O terceiro feito leva Edmundo para além dos estudos gramscianos e o coloca no centro da sociologia pública brasileira. No início dos anos 1990 O Brasil começou a viver os efeitos da chamada reestruturação produtiva. O livro pioneiro de Ricardo Antunes (1995) reconstruindo criticamente o debate internacional influenciou um grande número de pesquisas. Mas é pouco conhecido que concomitantemente Edmundo trabalhava a partir de uma vertente teórica diferente, a qual prospectava o impacto político das transformações na esfera da produção. O ponto de partida dessa investigação, que ele levou a cabo juntamente com a professora Angela Tude de Souza e um grupo de jovens investigadores era uma releitura do quaderno 22, aquele que Antonio Gramsci dedicou na prisão à análise do americanismo e do fordismo. Nessa leitura, Edmundo redescobriu o conceito de revolução passiva como uma chave de interpretação das transformações moleculares que se verificavam na esfera das forças produtivas e das relações de produção (Dias, 1997).

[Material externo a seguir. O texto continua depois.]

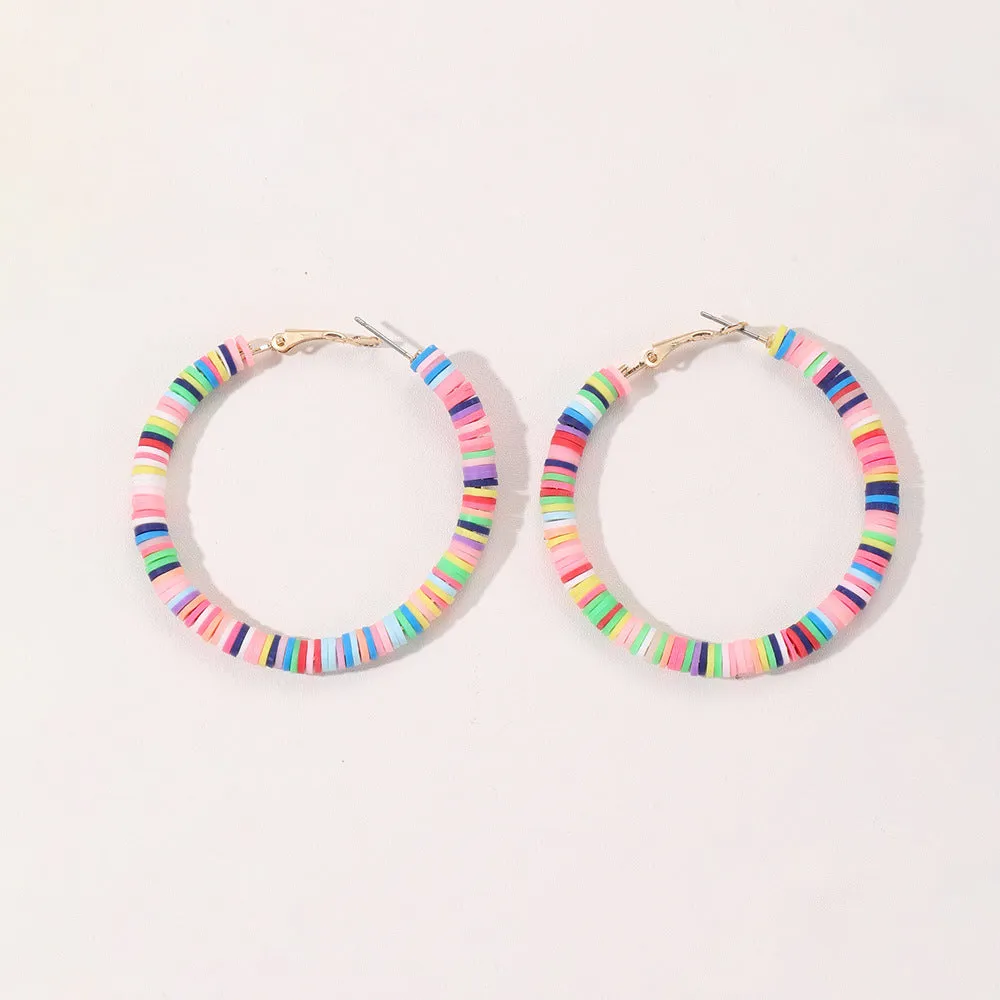 Wholesale Boho Casual Mixed Color Soft Clay C-shaped Exaggerated Earrings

Com essa redescoberta abriu-se um novo e importante campo de pesquisa que permitiu que uma vertente da sociologia do trabalho praticada no Brasil se encontrasse com aquela vertente que nos Estados Unidos, no final da década passado, assumiu explicitamente sua vocação pública e sua conexão com os movimentos sociais. O caminho que levou a esse encontro começava e terminava com Gramsci. Mas as pontas eram bastante diferentes. Enquanto no Brasil a ênfase era posta cada vez mais na noção de revolução passiva, nos Estados Unidos a ideia chave era a de hegemonia. O que permitiu esse encontro foi uma leitura da revolução passiva que enfatizava o fato desta ser a forma restrita que a hegemonia burguesa assume no capitalismo contemporâneo e por meio da qual tem lugar processos de inovação e conservação da ordem política e social. Esse encontro inesperado permitiu o desenvolvimento de uma sociologia pública brasileira sediada em centros de investigação localizados em São Paulo, no Rio de Janeiro e na Bahia e fortemente internacionalizada.


Destacar essas três importantes realizações e seu impacto duradoura em algumas áreas das ciências sociais brasileiras é também lembrar que para Edmundo prática teórica e prática política mantinham um nexo orgânico profundo. Esta é talvez a principal lição que ele nos deixou. Uma aguda percepção de que não apenas por meio da teoria estamos fazendo política, mas que a intervenção política é também um ato de alcance teórico, na medida em que é o único que pode mudar efetivamente as condições nas quais vivemos e pensamos. O que nos resta então dizer é: Obrigado, mestre; obrigado, companheiro.